1.2562 along with its American counterpart F2 are probably the highest wear resistance low alloy steels. The steel gains its wear resistance due to the higher carbon for higher content of cementite (iron carbides) but especially the tungsten addition which leads to tungsten carbides (WC) which are high hardness carbides that contribute to wear resistance. I wrote about tungsten-alloyed low alloy steels in this article which covered other steels like Blue Super, 1.2519, and O7. The low overall alloy content of 1.2562 makes it well-suited for forging, you can read more about what makes a steel easier or more difficult to forge in this article.

One important thing to note is that high speed steels with ~4% Cr do not form the same WC carbide as low alloy steels even when they have as much as 18% W. Instead the high speed steels form a W6C carbide which is lower in hardness and does not contribute as much to wear resistance. You can read about these alloying element interactions for different carbide types in this article.

1.2562 Toughness

I previously reported a toughness value for the low alloy tungsten steel 1.2562 which scored relatively low. I wrote about the toughness of this steel in the context of other low alloy steels typically used by forging bladesmiths. You can read that article here. I concluded that 1.2562 had low toughness due to “plate martensite” which is difficult to avoid with high carbon low alloy steels, as well as poor carbide structure which included both carbides along grain boundaries and some larger tungsten carbides.

1.2562 area 1 – many carbides visible along grain boundaries

1.2562 area 2 – a large tungsten carbide

My toughness measurements were consistent with earlier reported values for F2 steel, which was found to have relatively poor toughness:

Data from [1]

New 1.2562 Toughness Measurements

Knifemaker Marco Guldimann contacted me after my toughness measurements of 1.2562 and said he wanted to show that the toughness could be improved. I said I would be interested in seeing the results of whatever experiments he wanted to perform and recommended that he use the same toughness specimen dimensions so that his results could be directly compared to ours. We use a subsize unnotched charpy specimen which is 2.5 x 10 x 55 mm, the exact specifications can be seen on this page. All of the experiments, toughness testing, microscopy, hardness testing, etc. were performed by Marco and a metallurgy technician. I did not perform any experiments or evaluate any specimens. These are the first toughness results I am reporting on that were not tested by myself.

Processing of Steel

Marco wrote about the processing of his steel and how it was tested in a report; you can read the full report here. Marco wanted to have as much reduction in forging as possible, and this steel does not have particularly great availability and so thickness options are limited. Instead, he forge welded several pieces together, forged them out, cut and restacked, and forge welded and drew out to a final thickness of 3.3 mm. All forge welding and forging was performed between 900 and 750°C (1650-1380°F). These are relatively low temperatures for forging; Marco chose these temperatures because his primary goal was achieving a fine grain size.

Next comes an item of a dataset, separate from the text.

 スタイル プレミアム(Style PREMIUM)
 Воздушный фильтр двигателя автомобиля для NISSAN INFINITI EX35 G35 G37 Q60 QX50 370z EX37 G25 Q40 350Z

Marco next performed a “temper anneal” by austenitizing at 770°C (1420°F), quenching, then tempering at 690°C (1275°F). The specimens were then given one of 5 heat treatments and tested for toughness and hardness. He heated the samples in a furnace and quenched in molten salt at the tempering temperature of each condition, followed by air cooling. Then each steel was tempered at the indicated temperature.

And in Fahrenheit instead:

Carbide Structure

No grain boundary carbide was observed in the micrographs shared by Marco, showing that the “thermomechanical processing” (temperature plus forging) led to the elimination of those carbide networks. There were still regions of larger carbides, especially when found in bands in the steel. Perhaps with a higher initial forging temperature those larger carbides could be eliminated, as Thermo-Calc predicts that the tungsten carbides would be dissolved at about 2075°F.

Area with larger carbides in a sample of heat treatment 2

Area with more even carbide structure in a sample of heat treatment 3

Grain Structure

Revealing grain boundaries in metallographic specimens is very difficult, often requiring specialized etchants and even then revealing them completely is challenging. To demonstrate grain refinement, Marco and the technician helping him pointed out a few visible grains. This is not a good way to measure an average grain size, and no comparison was made to an unprocessed specimen but the visible grains are relatively small, on the order of several microns, and Marco claims an ASTM grain size between 11.5 and 13.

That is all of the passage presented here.